__The records__
*** Block opens ***

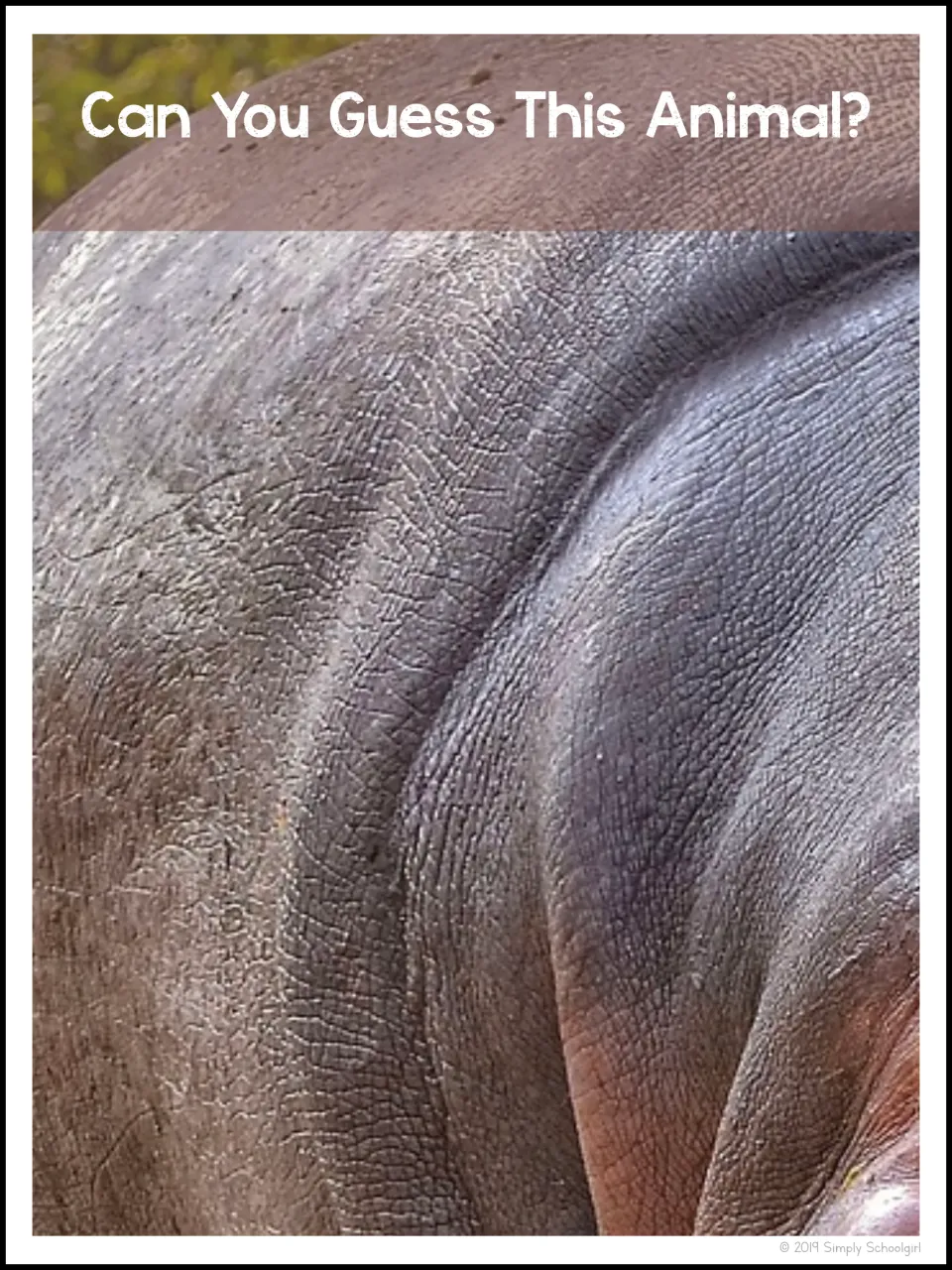 Animal identification prompt asks 'Can You Guess This Animal?' above a close-up of wrinkled hippo skin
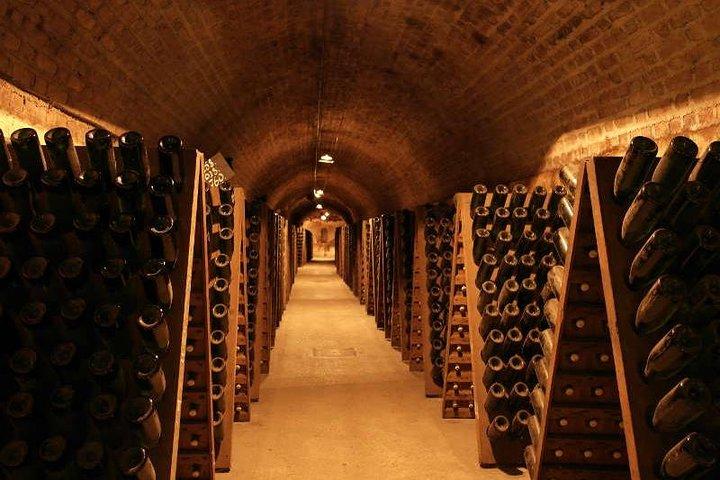 Paris: Champagne Day Trip with Tastings, Cathedral & Pickup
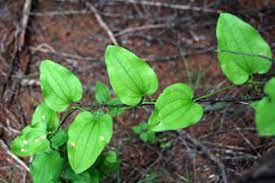 Smilax rotundifolia, also known as roundleaf greenbrier or common greenbrier, is a woody vine native to the southeastern and eastern united states and eastern canada. Kansas Wildflowers And Grasses Bristly Greenbrier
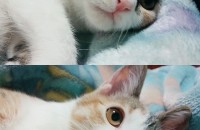 코숏 삼색 여아 분양해요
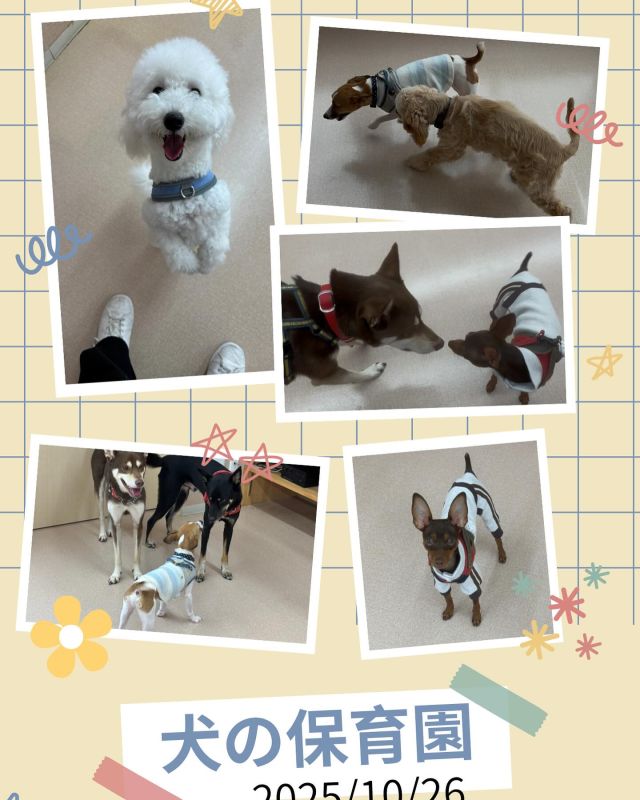 ダイゴペットクリニック豊田中央医療センターです🌼
10月26日の犬の保育園の様子です🐶

今回は6組のワンちゃんたちが参加してくれました！みんな楽しく遊んでいましたね💖

🗓️スケジュール
🕙お預かり10:00〜11:00
🕛フリータイム・休憩・お手入れ練習（タッチング）11:00〜
🕓お迎え16:00〜17:00
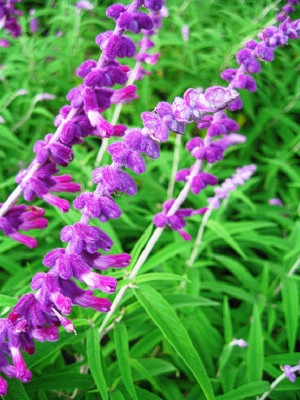 SALVIA leucantha Solid Purple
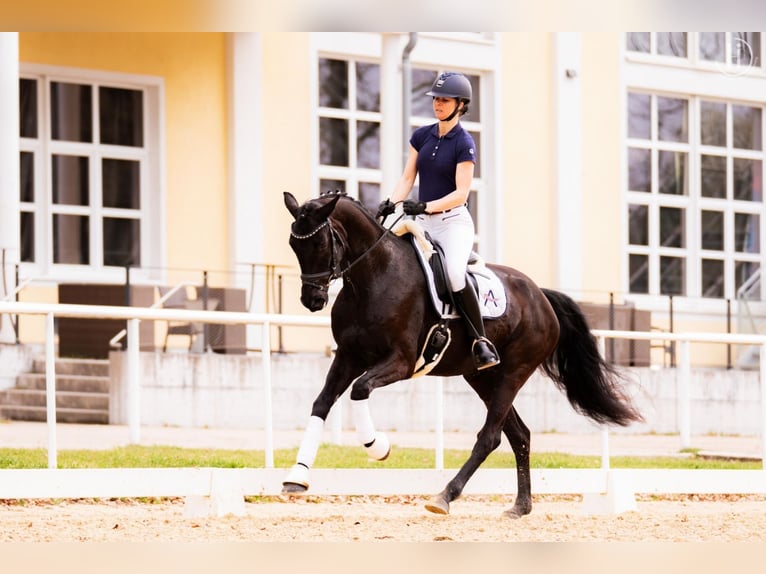 Selle autrichien Jument 6 Ans 170 cm Noir in Stadl-Paura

*** Block closes ***

__Activity__
Retype, word for word, the lines from the one with "ダイゴペットクリニック豊田中央医療センターです🌼" through the last line of the entries above, and only those lines. Leave pictures out.

__Result of this task__
 ダイゴペットクリニック豊田中央医療センターです🌼
10月26日の犬の保育園の様子です🐶

今回は6組のワンちゃんたちが参加してくれました！みんな楽しく遊んでいましたね💖

🗓️スケジュール
🕙お預かり10:00〜11:00
🕛フリータイム・休憩・お手入れ練習（タッチング）11:00〜
🕓お迎え16:00〜17:00
 SALVIA leucantha Solid Purple
 Selle autrichien Jument 6 Ans 170 cm Noir in Stadl-Paura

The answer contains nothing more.